Sometimes the best thing you can do for your Vermont roots is leave them. Not permanently, not apologetically, but intentionally. In other words, go out, plug into something bigger, and come back with more than you left with.
It’s easy to assume that leaving means chasing something else. That you’re abandoning Vermont for a bigger city, a faster lane. But the real risk isn’t leaving, it’s staying invisible. If we don’t go, no one knows about Novamera and their surgical mining technology that’s changing an entire industry. Or a team of nuclear engineers at VCET designing modular reactors for many of the nation’s largest projects. The work is extraordinary. But extraordinary work still needs a room.
Last week, Dave and I went to a16z’s Boston Tech Week. Hundreds of events, old friends, new connections. But one moment stood out. It was an early morning filled with eager founders, investors and Boston Tech Week enthusiasts at the MTLC Innovation unConference. An ecosystem-O.G. called out VCET within the first minute of the opening remarks.

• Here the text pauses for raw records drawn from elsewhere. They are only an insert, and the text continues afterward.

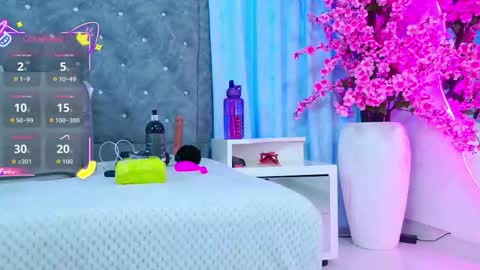 Aura online show from 10.02.25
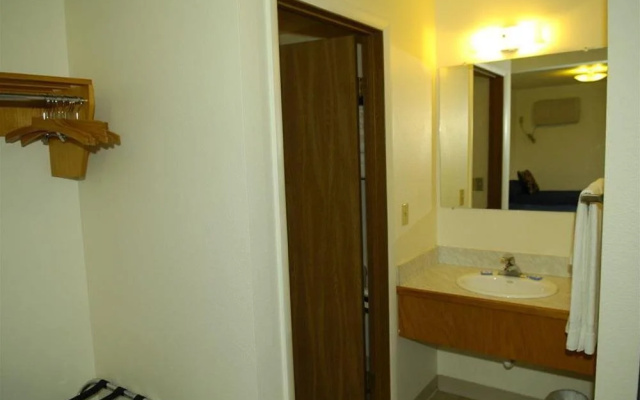 Trout Montana Motel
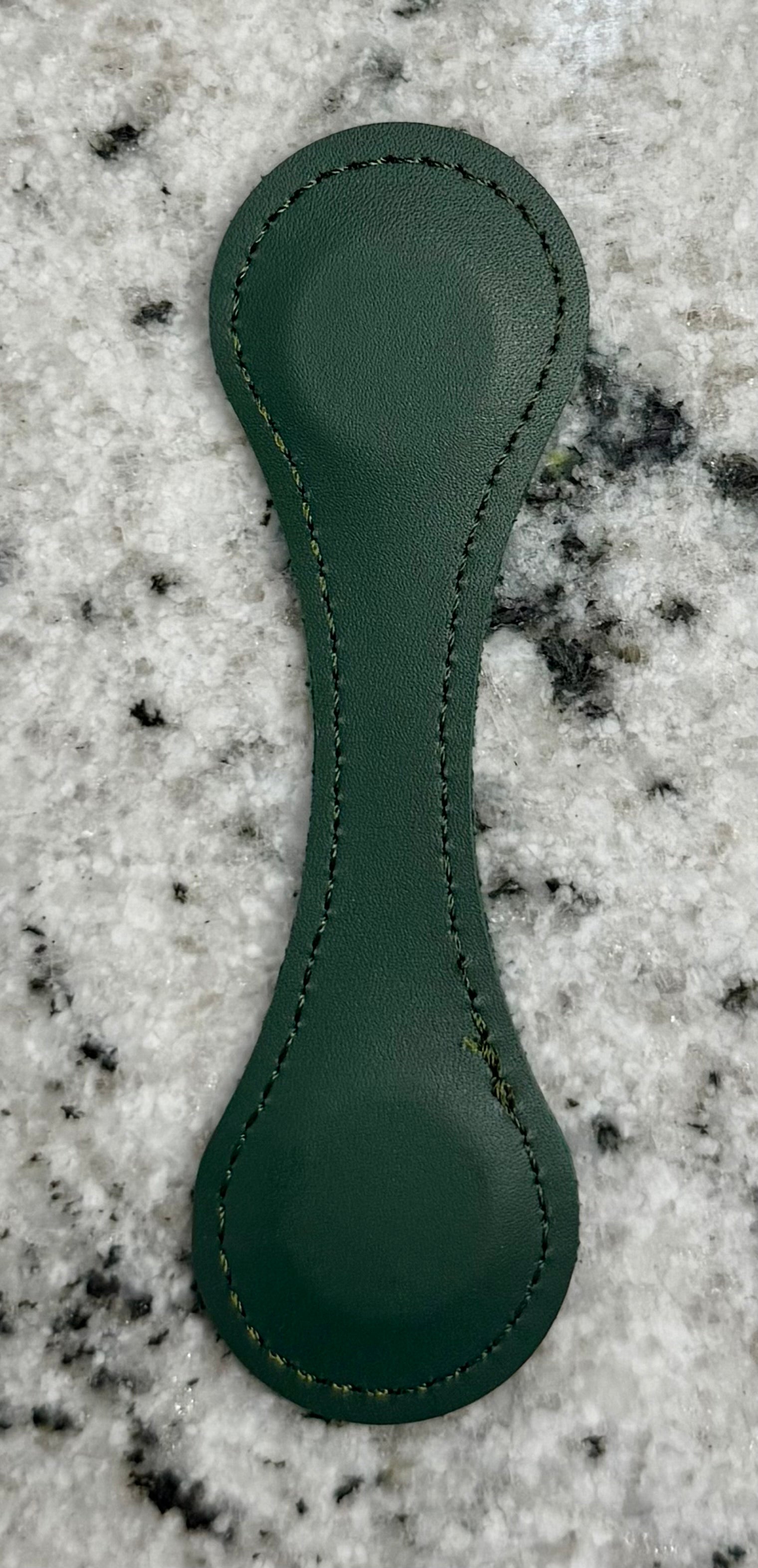 Leather Fold Over Magnetic Needleminder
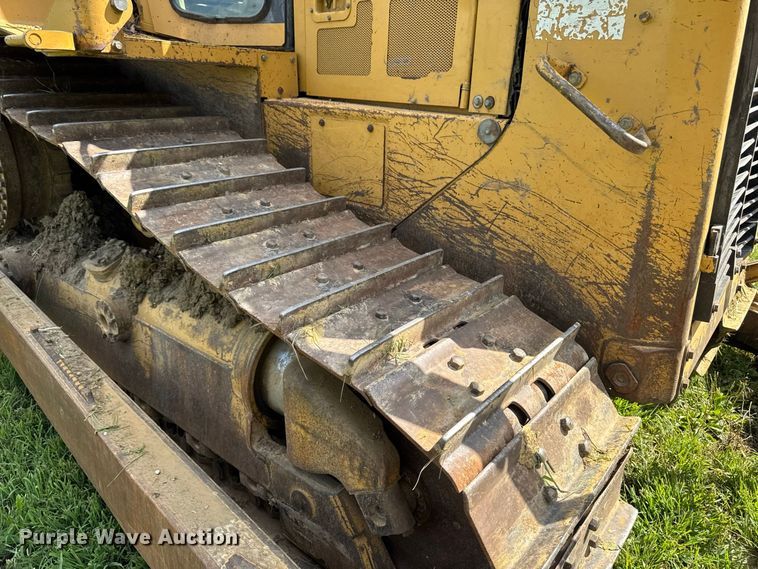 image for item FB5943 1999 Caterpillar D6R XL dozer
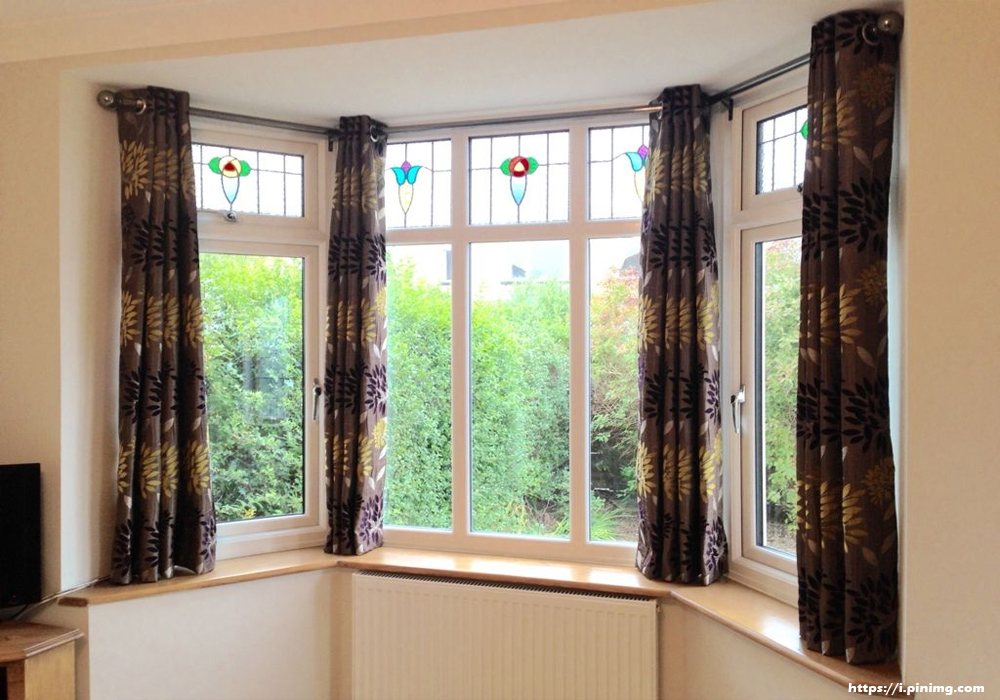 Tips on How to Measure For a Bay Window For New Curtains
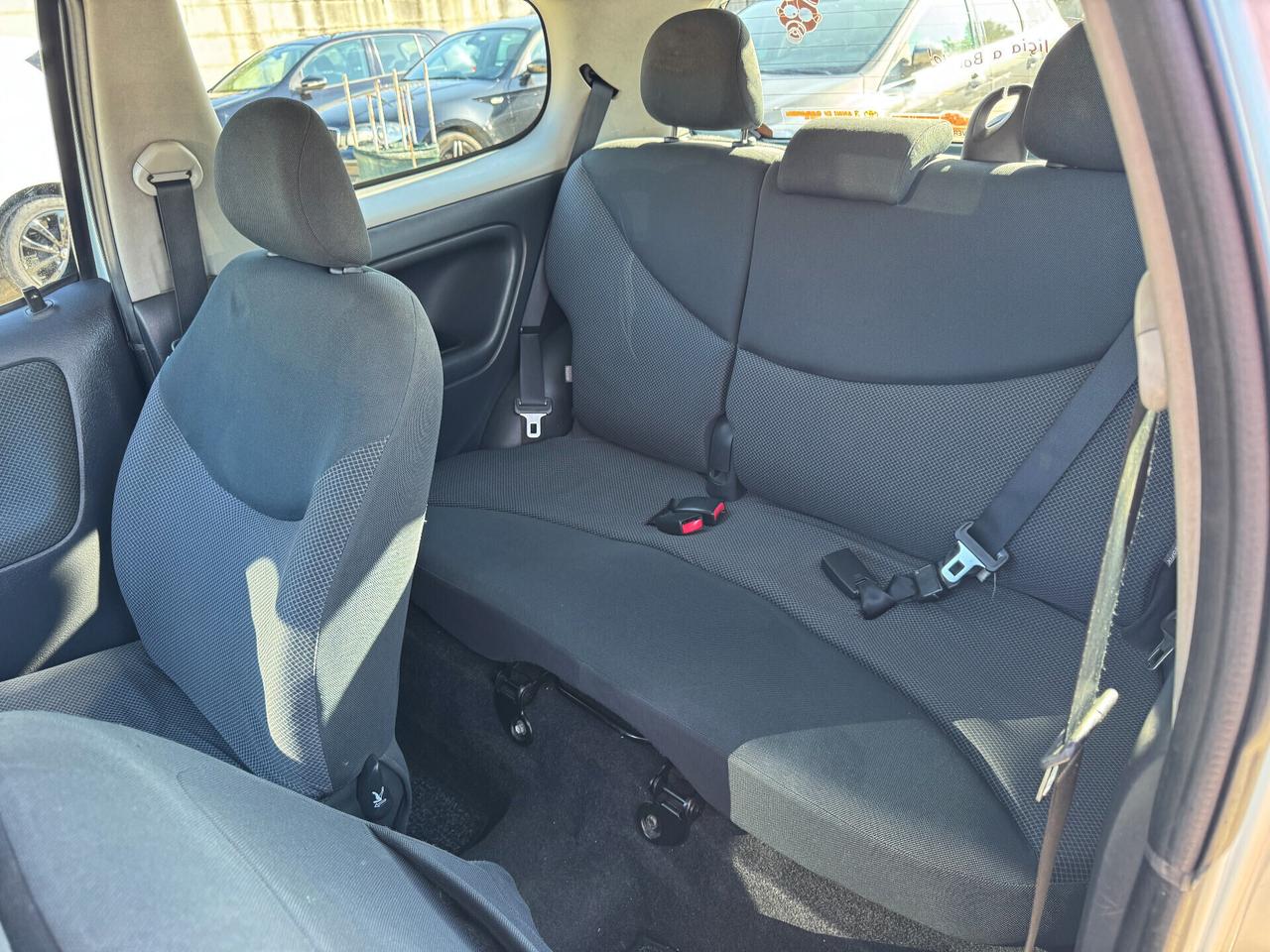 TOYOTA YARIS 1.4 D-4D/UNIPROP/185.000KM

Not because we lobbied for it. Because the work speaks. The advising, the community building, our investing, and the founders we’ve walked alongside. It’s registering beyond our borders.

And then there was Colin Riggs and Diane Abruzzini-Riggs from Rigorous Technology. They didn’t just attend every robotics event, they were sought out. People wanted to know what they were building and why Amazon Robotics ex-COO just joined their Board. They offered expertise, fielded questions, and held their own in a room that had no idea they came from Vermont. They went as founders. They showed up as experts.
That’s what leaving looks like when you do it right. They came back with a stronger network and deeper trust with experts across the industry. Relationships matter!
There’s a version of building a company in Vermont that stays entirely inside Vermont. The community here is real and it matters. But there’s a bigger network out there that wants to hear from you, learn from you, and fund you. You just have to show up.
VCET exists to help you do both. To build something grounded here and yet connected everywhere. So Vermont founders (or anyone building in a rural area), this one’s for you. Don’t feel bad about going to Boston, New York, or Austin to expand your network and your thinking. People want to hear what you’re building just as much as you want to hear from them. When you walk into those rooms, people notice. I promise you, they will be impressed…and maybe a little jealous too.